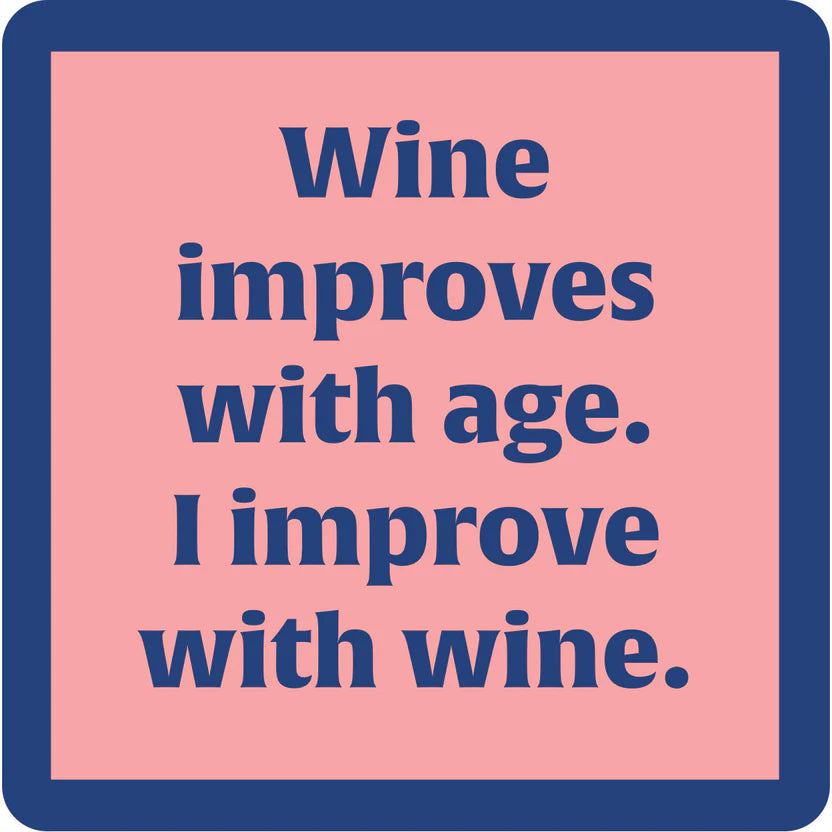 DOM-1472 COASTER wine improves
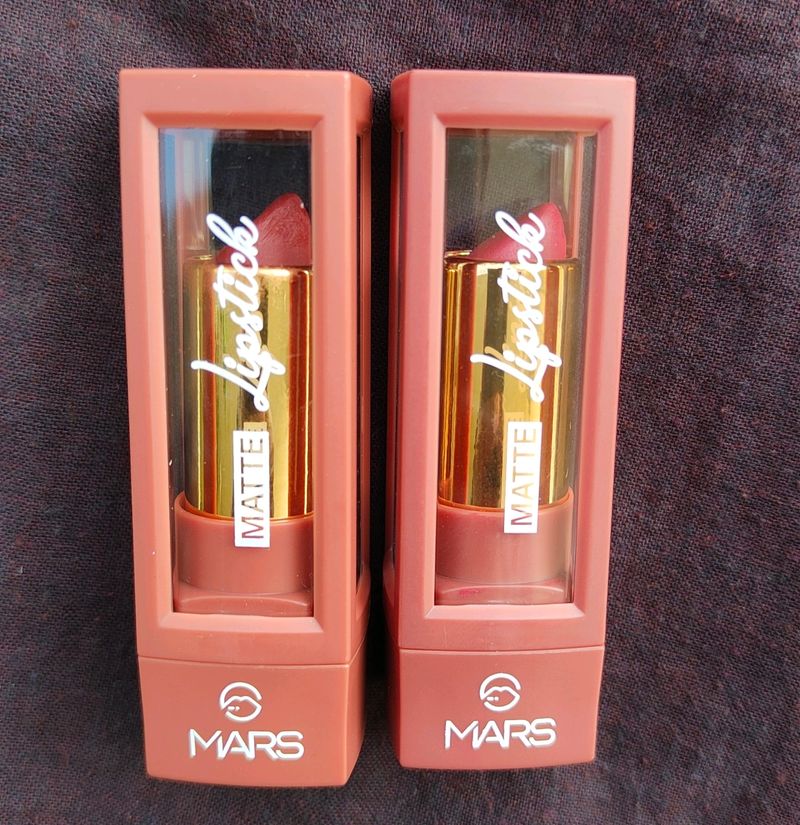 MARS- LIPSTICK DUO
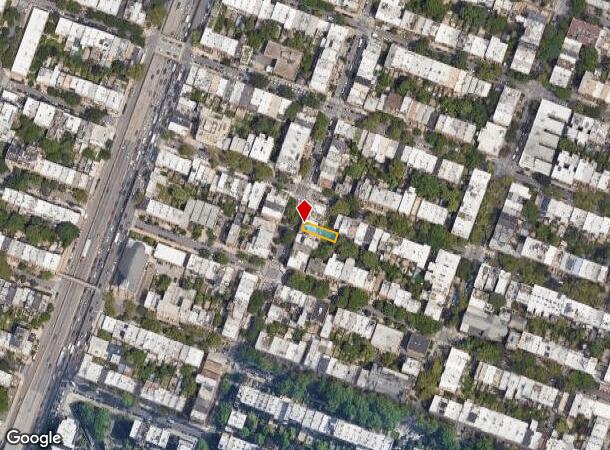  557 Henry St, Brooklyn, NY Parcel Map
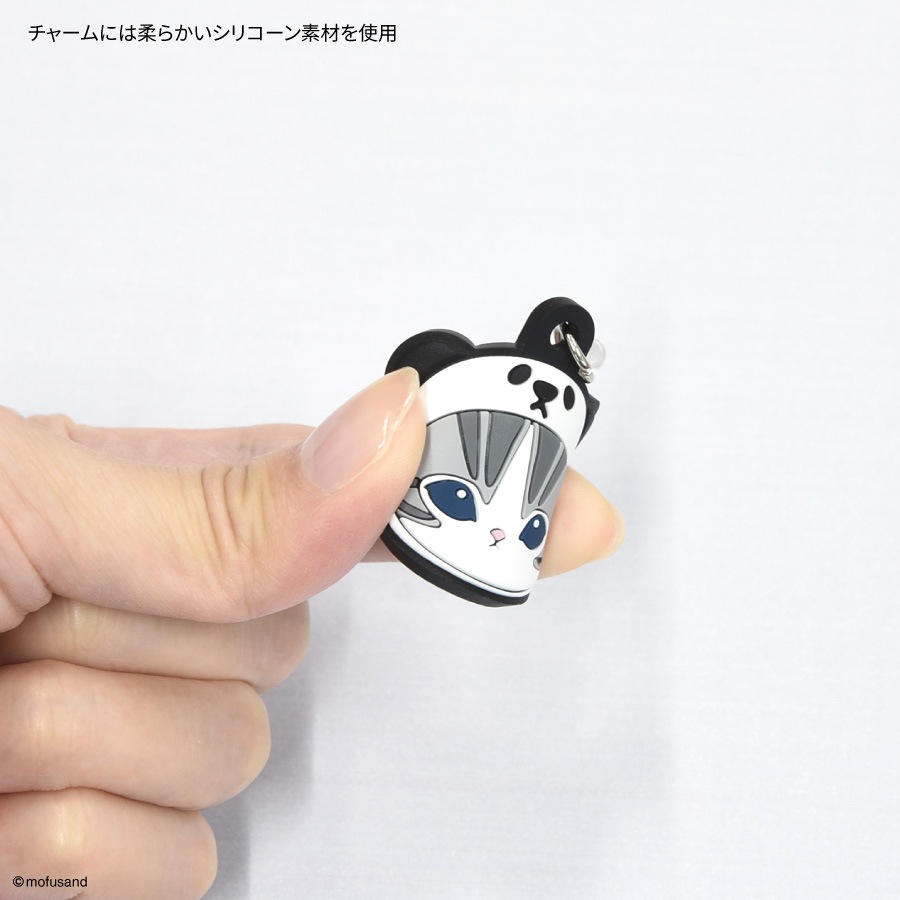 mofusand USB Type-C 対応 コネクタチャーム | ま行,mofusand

--

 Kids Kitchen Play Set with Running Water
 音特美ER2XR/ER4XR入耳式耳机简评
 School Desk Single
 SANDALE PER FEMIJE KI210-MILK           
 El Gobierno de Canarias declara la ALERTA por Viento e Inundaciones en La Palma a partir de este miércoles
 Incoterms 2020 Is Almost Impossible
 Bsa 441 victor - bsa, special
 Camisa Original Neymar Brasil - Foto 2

---

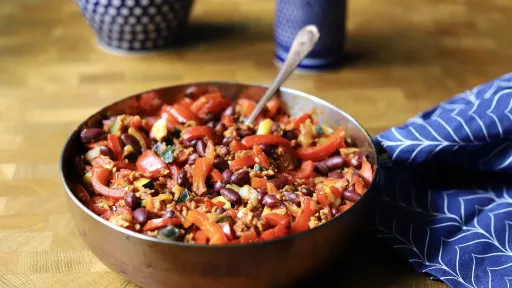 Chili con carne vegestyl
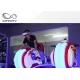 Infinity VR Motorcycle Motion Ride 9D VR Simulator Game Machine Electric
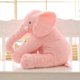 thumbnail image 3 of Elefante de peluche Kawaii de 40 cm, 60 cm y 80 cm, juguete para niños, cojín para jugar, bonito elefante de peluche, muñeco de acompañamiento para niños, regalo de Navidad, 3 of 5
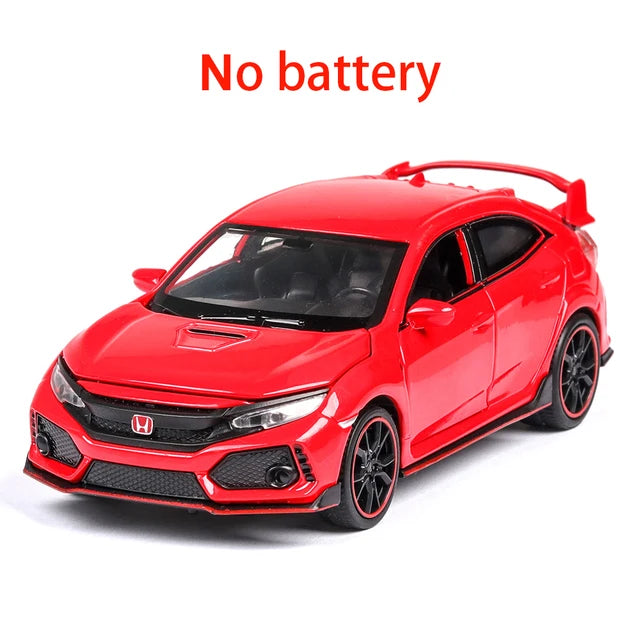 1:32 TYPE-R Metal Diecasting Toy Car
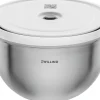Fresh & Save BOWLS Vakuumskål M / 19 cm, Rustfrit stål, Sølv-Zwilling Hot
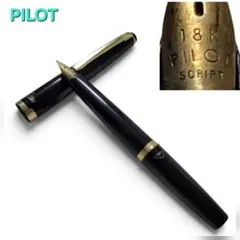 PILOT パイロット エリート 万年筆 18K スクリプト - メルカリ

Action item → Each line above starting at the one holding "Infinity VR Motorcycle" and ending at the one holding "PILOT パイロット エリート 万年筆 18K スクリプト - メルカリ" should be set down exactly as it stands, both ends included, with no pictures.

Answer section →
 Infinity VR Motorcycle Motion Ride 9D VR Simulator Game Machine Electric
 thumbnail image 3 of Elefante de peluche Kawaii de 40 cm, 60 cm y 80 cm, juguete para niños, cojín para jugar, bonito elefante de peluche, muñeco de acompañamiento para niños, regalo de Navidad, 3 of 5
 1:32 TYPE-R Metal Diecasting Toy Car
Fresh & Save BOWLS Vakuumskål M / 19 cm, Rustfrit stål, Sølv-Zwilling Hot
 PILOT パイロット エリート 万年筆 18K スクリプト - メルカリ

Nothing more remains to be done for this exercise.